Four years ago this fall, Barack Obama spent months deciding what to do in Afghanistan. (See here, here, and here.) When he finally made a decision, he split the baby in half. He promised a surge, but he also promised to take the troops out right away.
On July 11, both Democratic Senator Robert Menendez of New Jersey and Republican Senator Bob Corker of Tennessee called on President Obama to decide on the number of troops that will stay in Afghanistan after we withdraw from combat next year.
Senator Menendez said, “The lack of clarity on this point has led to too much hedging in the region.” He also said, “Afghans who may otherwise be interested in building a fledgling democracy want to know that they will not be abandoned by the United States as the Taliban claims they will be.”
Senator Corker agreed: “This continued looking at our navel, trying to make a decision, having competing forces at the White House, is hurting us, it’s hurting our efforts in Afghanistan, it’s hurting our military and it’s hurting our allies.”
Not only is the President delaying decision, the Administration has floated the idea that we might leave Afghanistan completely at the end of 2014 (as we did in Iraq at the end of 2011). While the theory is that the Administration is bluffing, and using the so-called “zero option” as a threat to pressure Afghan President Karzai, it’s unclear. As I have said before, I think President Obama would be happy to leave (a/k/a abandon) Afghanistan as soon as possible. It served its purpose as a campaign issue in 2008. His interest in it now doesn’t seem to be there.
Ryan Crocker, former U.S. ambassador to Afghanistan (and Iraq, among other countries), said this about the zero option idea:
"If it's a tactic, it is mindless; if it is a strategy, it is criminal.
Nothing could encourage the Taliban more. The Pakistanis [who are helping the Taliban] will dig in harder. It will send Karzai in completely the wrong direction.
It invokes memories of the early 1990s.
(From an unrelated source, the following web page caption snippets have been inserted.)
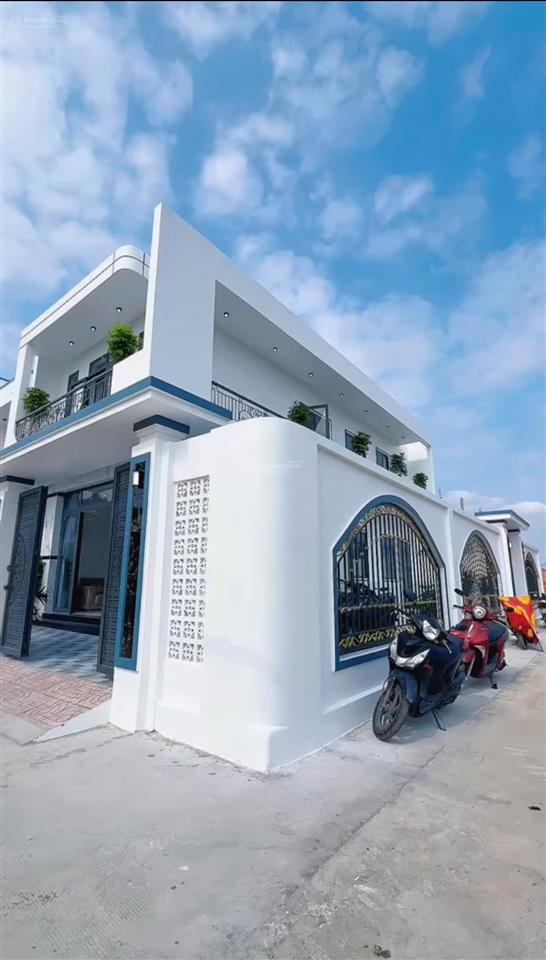 Chính chủ bán gấp nhà 2 mặt tiền 222m² 11x20 hoàn công shr, hẻm 8m, 1 trệt 1 lầu giá 800tr còn tl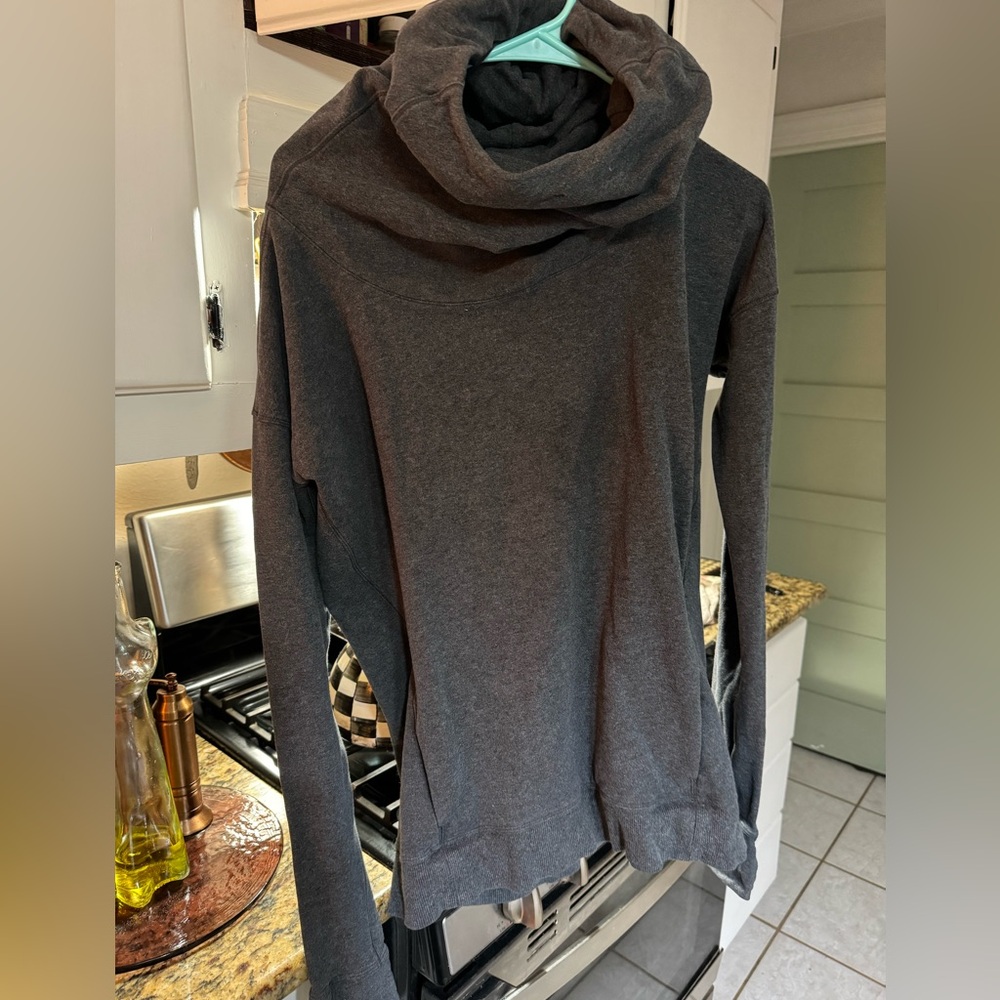 Lululemonstress less top size 6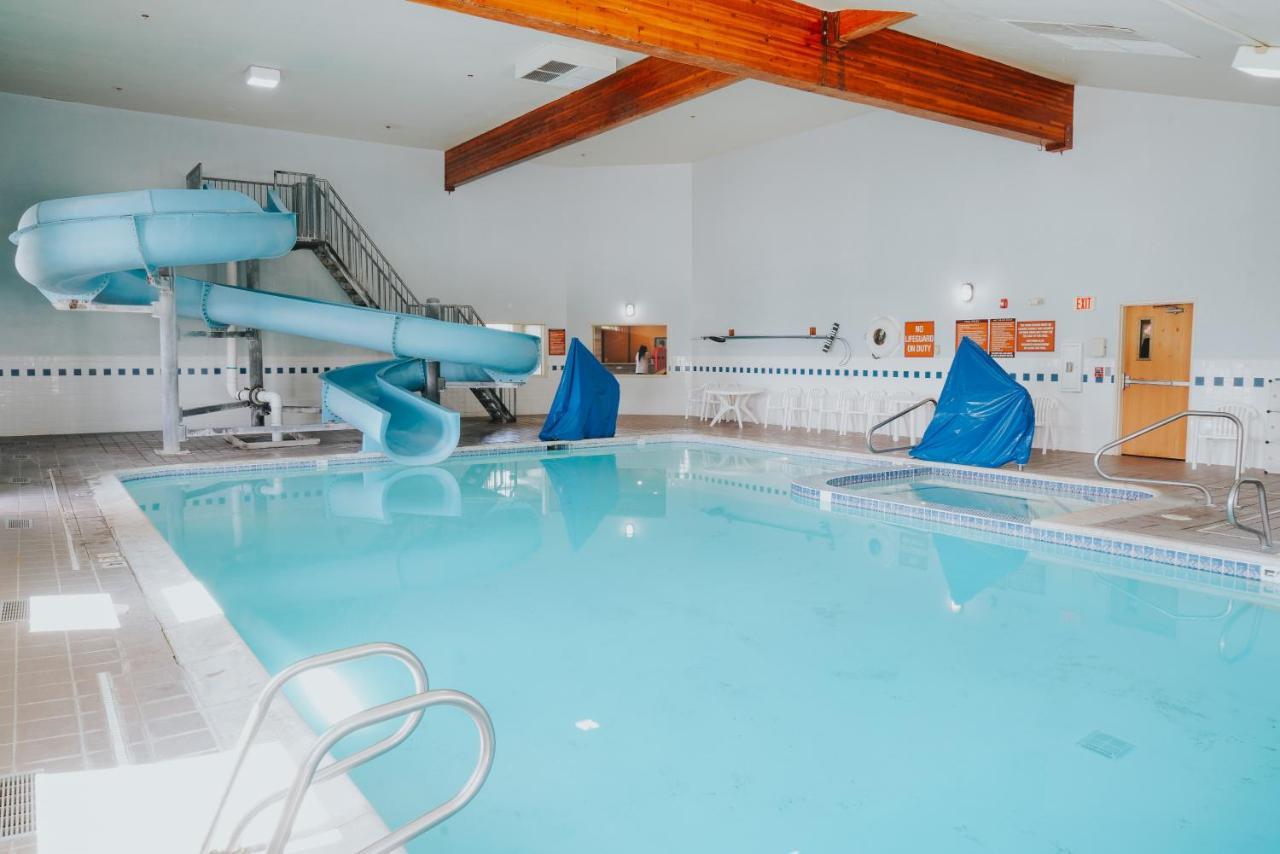 Whitewater Inn Big Sky Esterno foto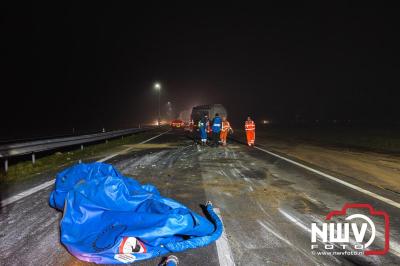 Bulkvrachtwagen kantelt op N50 bij Ens, weg urenlang afgesloten i.v.m. berging. - © NWVFoto.nl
It's as if we're telling the Afghans, ‘We're tired, we're going home, screw you.’”
As The Washington Post noted in an editorial yesterday:
“A full withdrawal would be at odds with the strategic partnership pact already signed by the two governments and NATO’s agreement in June on a post-2014 ‘concept of operations’ in the country – not to mention President Obama’s repeated public pledges that the United States would continue to stand behind Afghanistan.”
How can we expect our allies, who we want to stay in Afghanistan, to agree to stay, when we won’t tell them what we are going to do? Even more importantly, as Senator Menendez said, how can we expect the Afghani people to work with us when they don’t know how many of us, if any, will still there 18 months from now?
We have invested hundreds of billions of dollars in Afghanistan. We have invested thousands of lives, of Americans and our allies, in Afghanistan. Most importantly, we pledged our word and our honor to the Afghani people. President Obama needs to reaffirm those investments and that pledge – and he needs to do it now. Otherwise, those dollars and those lives will be wasted, and our word and our commitment will be devalued. If President Obama fails to follow through in Afghanistan, when we promise help in the future, who will believe us? When we ask for help, who will give it?